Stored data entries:
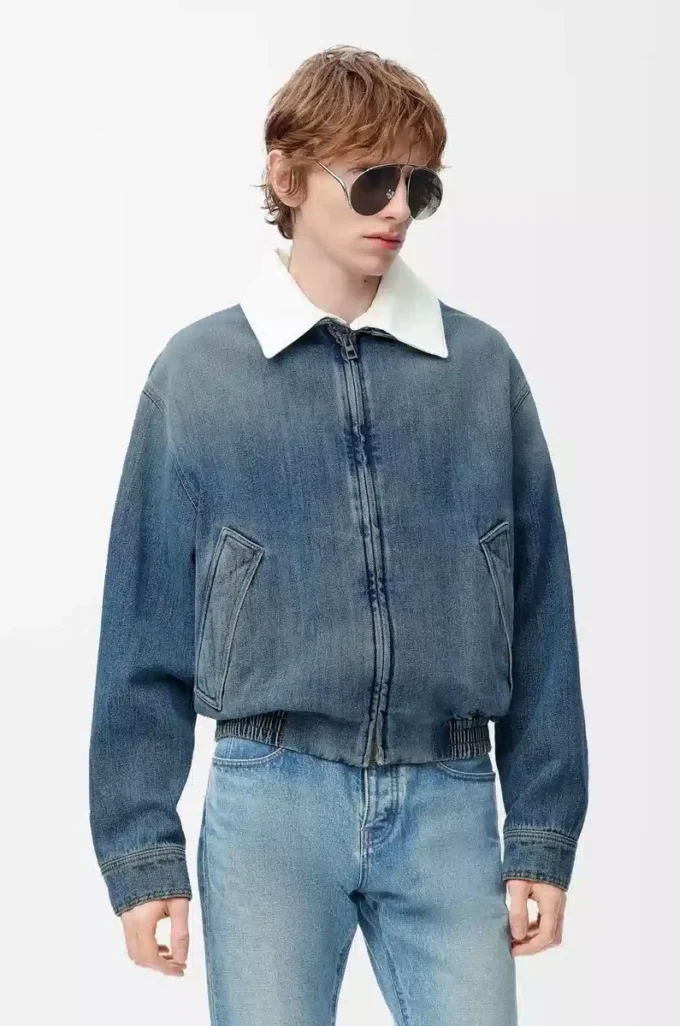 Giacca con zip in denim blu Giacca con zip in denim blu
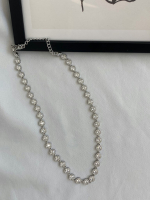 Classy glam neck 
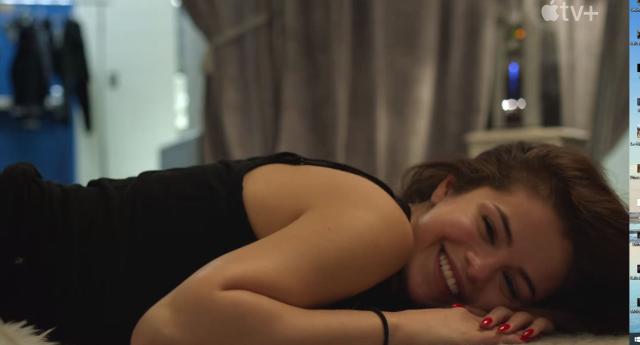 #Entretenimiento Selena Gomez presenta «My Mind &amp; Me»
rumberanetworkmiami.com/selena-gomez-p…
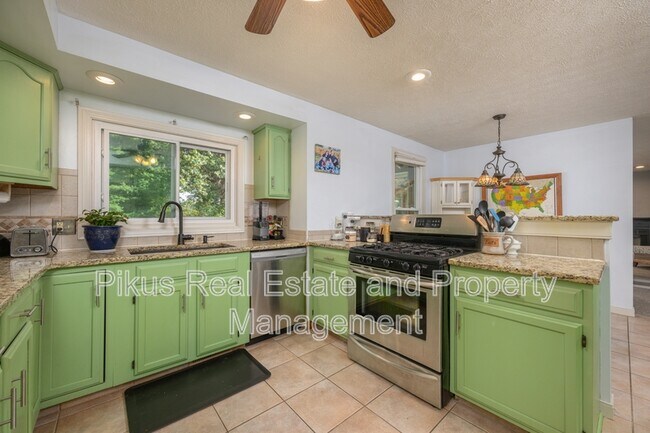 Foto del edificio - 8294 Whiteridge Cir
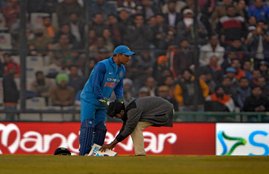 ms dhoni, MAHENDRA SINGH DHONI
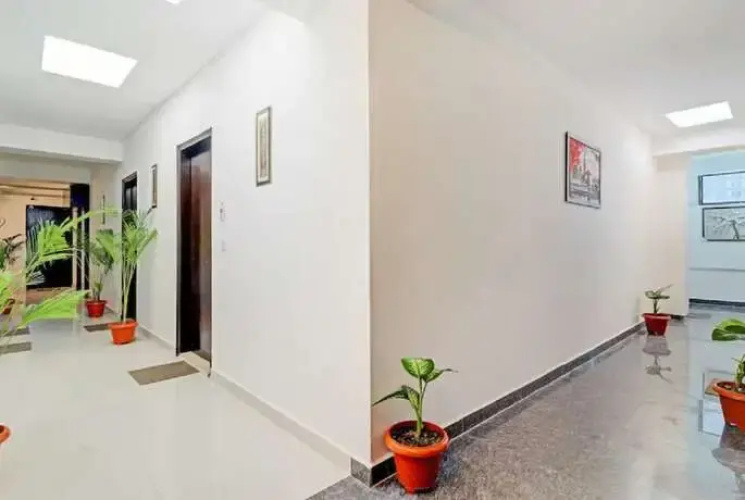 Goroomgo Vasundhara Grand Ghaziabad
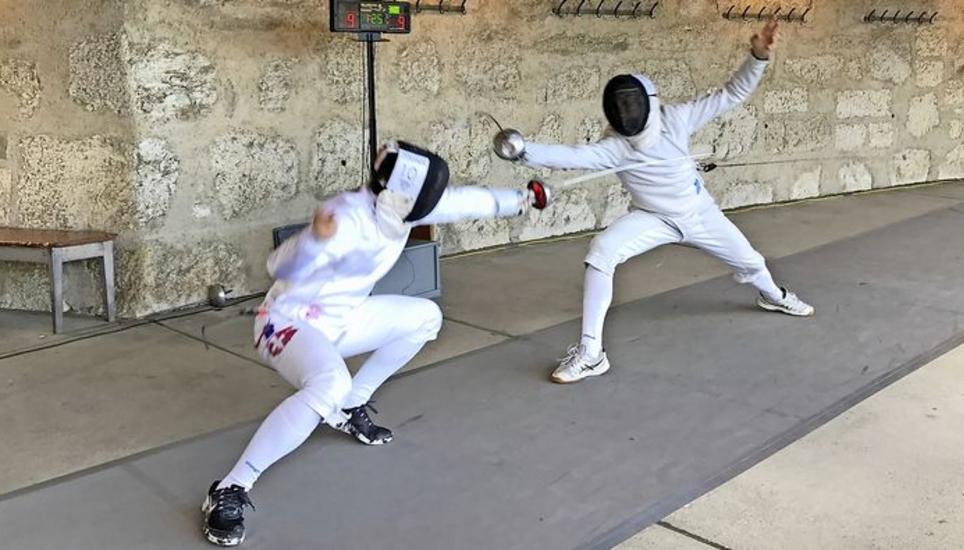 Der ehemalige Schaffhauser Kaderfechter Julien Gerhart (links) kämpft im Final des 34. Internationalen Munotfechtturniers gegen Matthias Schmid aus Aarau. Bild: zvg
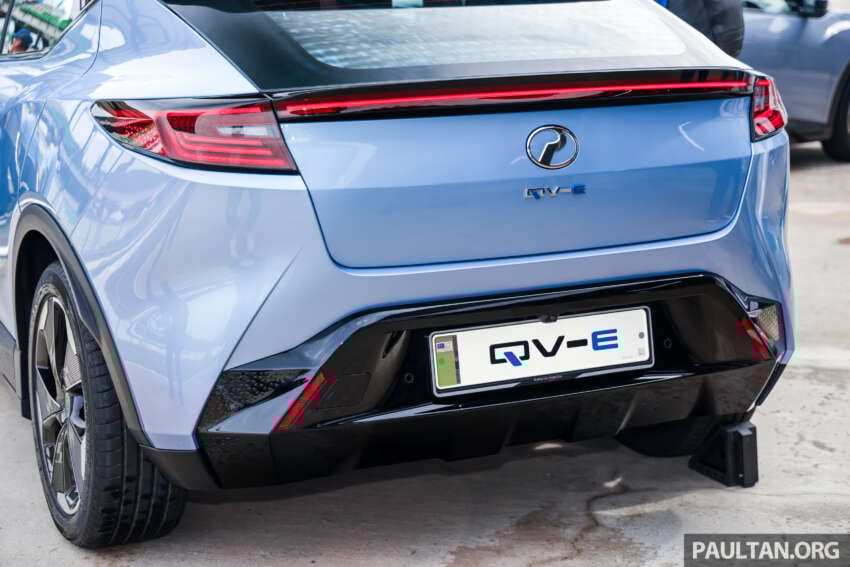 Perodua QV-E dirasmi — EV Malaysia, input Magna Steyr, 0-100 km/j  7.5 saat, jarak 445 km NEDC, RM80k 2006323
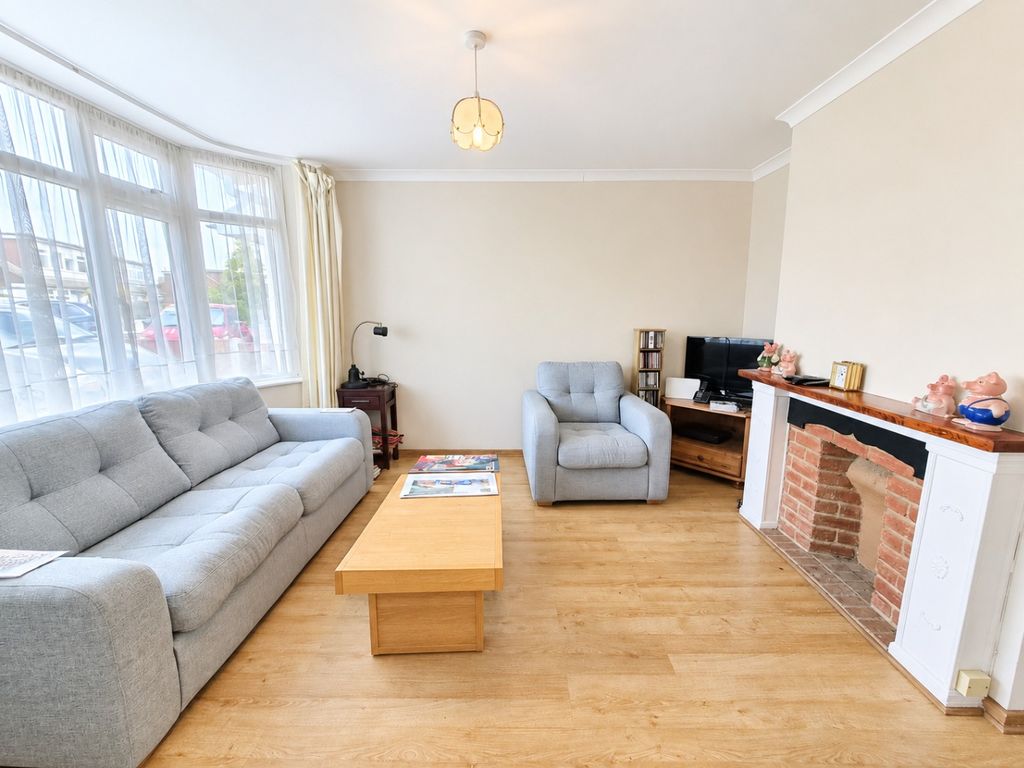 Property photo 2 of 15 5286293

_Task goal_
Whatever lies between the first line of the data and the line holding "ms dhoni, MAHENDRA SINGH DHONI", inclusive, should be repeated exactly, apart from the pictures.

_Answer to this exercise_
 Giacca con zip in denim blu Giacca con zip in denim blu
 Classy glam neck 
 #Entretenimiento Selena Gomez presenta «My Mind &amp; Me»
rumberanetworkmiami.com/selena-gomez-p…
 Foto del edificio - 8294 Whiteridge Cir
 ms dhoni, MAHENDRA SINGH DHONI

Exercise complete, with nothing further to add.